Hedge Funds And Higher Returns: Myth And Reality
Do hedge funds really deliver higher returns than other investment vehicles?
Published on 26 October 2017
Hedge funds have the potential to provide investors with very attractive returns. These actively managed funds are subject to a lower degree of government regulation, allowing for greater flexibility and risk-taking during the investment selection process. The hedge fund manager may also opt to use leverage to boost returns. While investing with borrowed money can result in increased profits, it is also a risky strategy that could eat away at a fund’s earnings or even lead to losses.
While many funds are highly profitable, a significant number are not. According to Hedge Fund Research, a provider of hedge fund index information, 222 funds closed down in the second quarter of 2017. Last year, the total number of closures was 1,057.
Passive funds that track a particular index are attracting an increasing level of investor attention. With the stock market touching new highs, large amounts of “smart money” is moving into exchange-traded funds (ETFs).
But that’s not to say that institutional investors and high net worth individuals are losing interest in hedge funds. In the second quarter of 2017, 180 new funds were launched. This was in addition to the 189 funds started in the first three months of the year. The size of the hedge fund industry continues to grow and is currently in excess of US$3 trillion.

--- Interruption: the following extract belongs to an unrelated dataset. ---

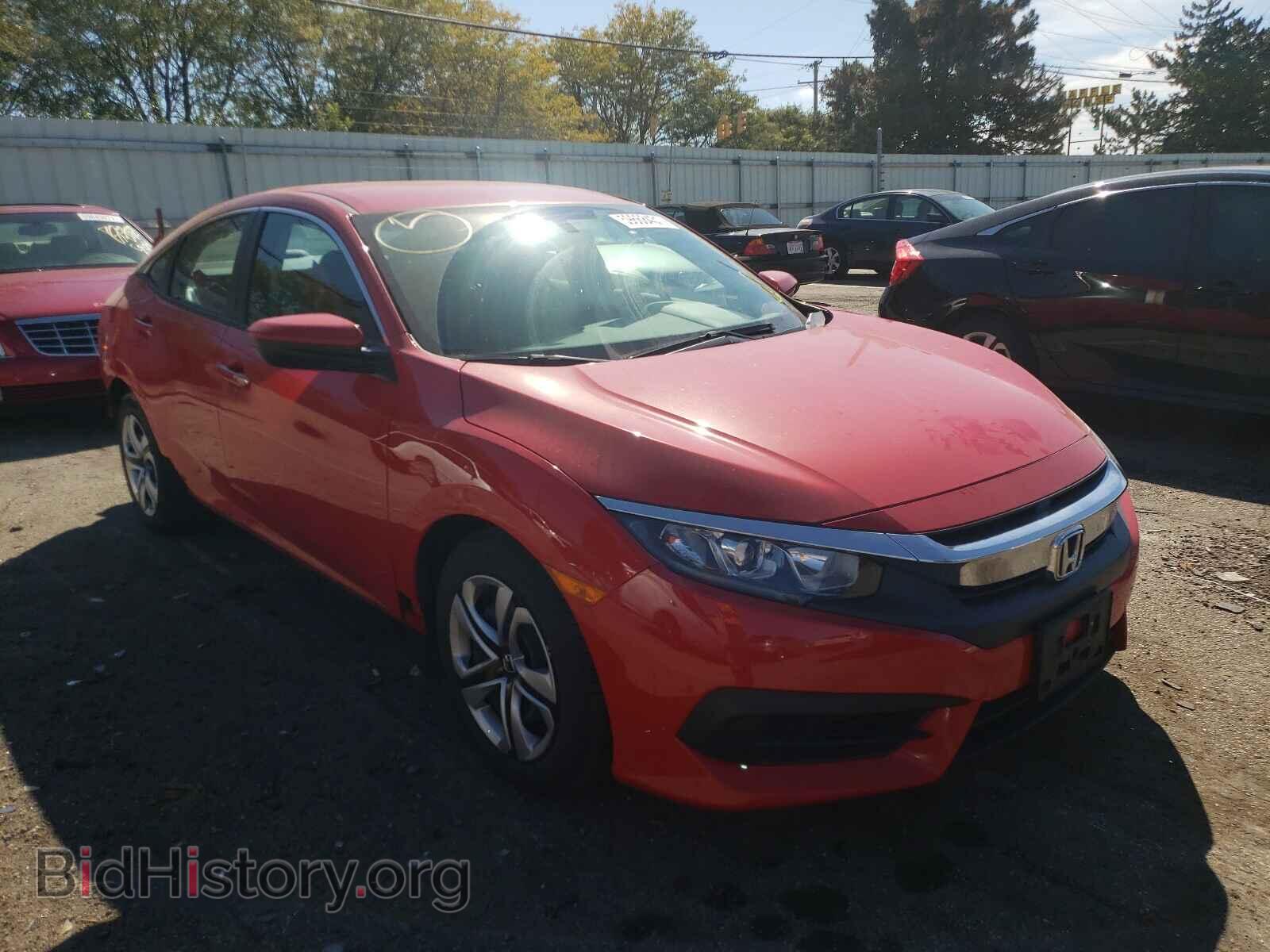 Фотография 2HGFC2F58HH559787 - HONDA CIVIC 2017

But do hedge funds make money for their investors? BarclayHedge, a firm that specialises in alternative investments and hedge fund performance measurement, has prepared this tabulation of returns for the last five years:
These figures are calculated from the data submitted by 5,670 hedge funds to BarclayHedge. Although that is less than half the hedge fund universe (which totals over 10,000 funds), the returns can be considered to provide an approximate representation of what an investor can expect.
BarclayHedge also has hedge fund performance data stretching back to 1997. A quick look at these figures reveals that in recent years, hedge fund profitability has dropped quite sharply:
With thousands of funds to choose from and average returns being fairly low in recent years, is there any way that an investor can identify a fund that is capable of consistently delivering high returns?
Investment decisions in a quantitative or “quant” hedge fund are based on a computer algorithm. Trades are carried out automatically according to a pre-decided strategy. The discretion of the fund manager does not come into play in making the trading decision.
Following a systematic strategy in this manner takes the human element out of the investment decision-making process. If the computer-based investment model is well designed, the result can be high profits and superior fund performance.
In fact, this approach seems to be paying off very well for the hedge funds that have adopted this strategy. The 2017 Hedge Fund 100, a ranking of the world’s 100 largest hedge funds by Institutional Investor’s Alpha, a firm that provides information about the hedge fund industry, confirms this. Of the top six firms on its list, five are quants. They use computer programs to make all or most of their investment decisions.
Bridgewater Associates is at the top of this list. The fund had assets of US$122.3 billion in the beginning of 2017 – marking a 17% increase over the earlier year. AQR Capital Management grew by 48% in the same period with its assets under management (AUM) swelling to US$69.7 billion. The firm’s name reveals its investment strategy. AQR is an acronym for Applied Quantitative Research.
If it seems too good to be true, it probably is. In some instances, this maxim could apply to hedge funds. In 2008, investigations revealed that Bernie Madoff’s hedge fund, Ascot Partners, siphoned off a reported US$20 billion. He ran what was essentially a Ponzi scheme, providing consistently high returns to existing investors by using fresh inflows.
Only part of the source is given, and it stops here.